Reproduce the lines of the material exactly, excluding every image.

## RECORDED INFORMATION
.....
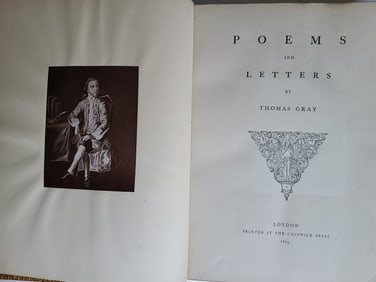 1879 POEMS & LETTERS BY THOMAS GRAY ANTIQUE ILLUSTRATED W/TIPPED-IN PHOTO PLATES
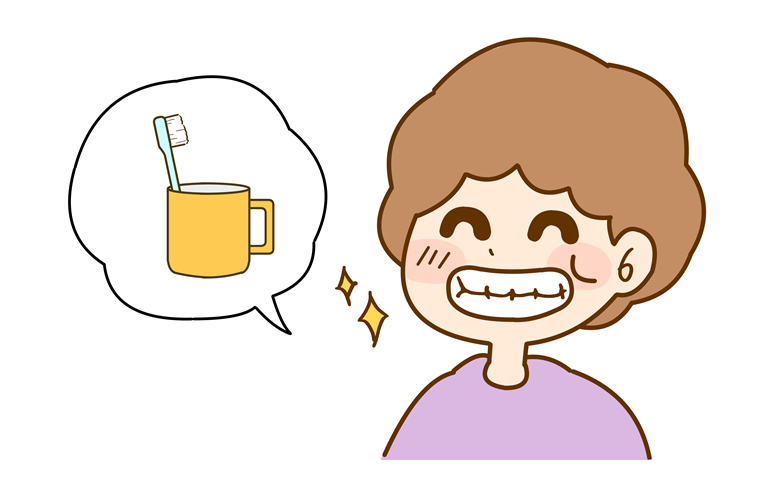 歯みがきできれいな歯を保つ女性のイラスト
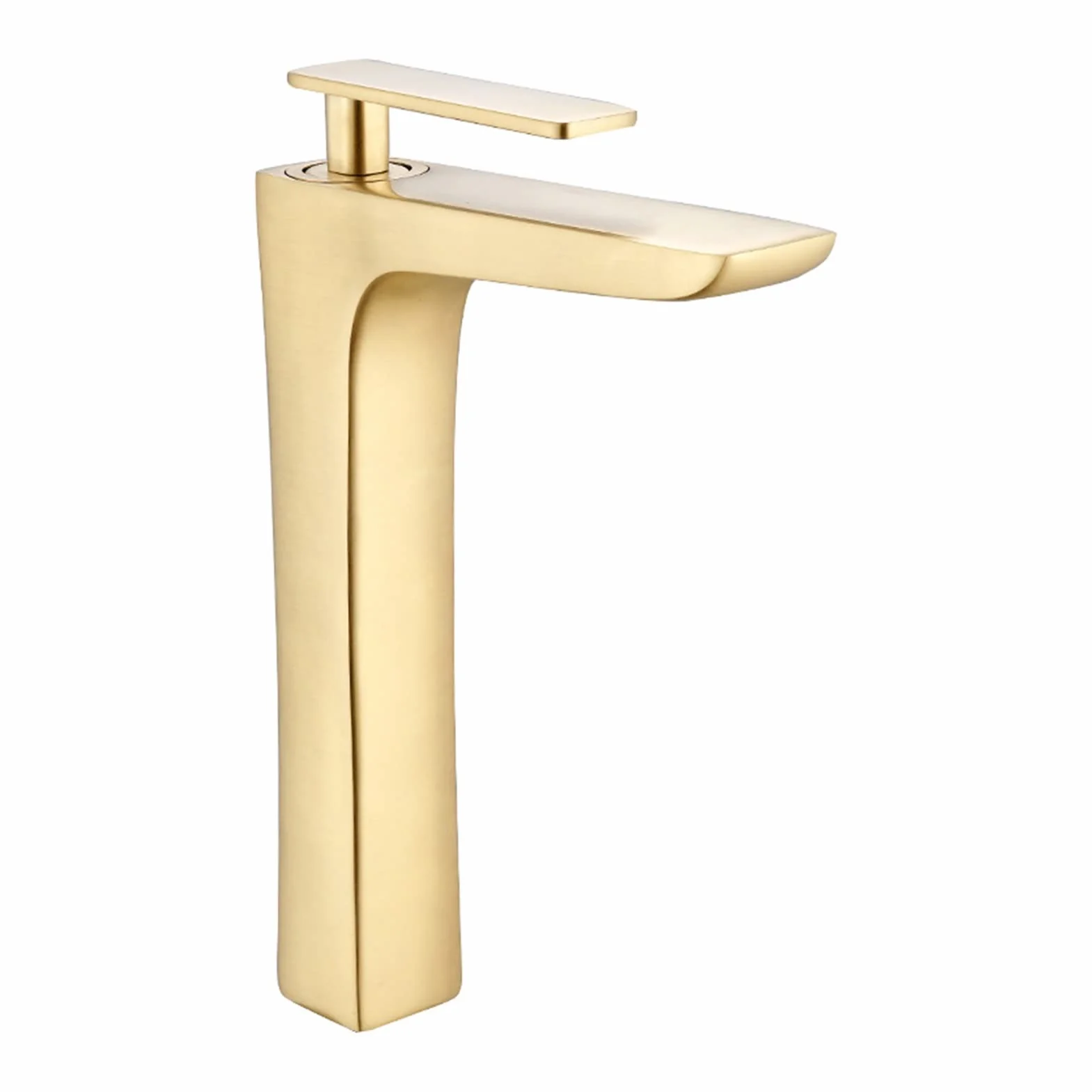 Elastyczny kran Obrotowy, Baterie Eleganckie szczotkowane złoto bateria łazienkowa Hot and Cold Water Basin Mikser Tap Mosiądz WC Żuraw wodny(Brushed gold short)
.....
## RESPONSE AREA
 1879 POEMS & LETTERS BY THOMAS GRAY ANTIQUE ILLUSTRATED W/TIPPED-IN PHOTO PLATES
 歯みがきできれいな歯を保つ女性のイラスト
 Elastyczny kran Obrotowy, Baterie Eleganckie szczotkowane złoto bateria łazienkowa Hot and Cold Water Basin Mikser Tap Mosiądz WC Żuraw wodny(Brushed gold short)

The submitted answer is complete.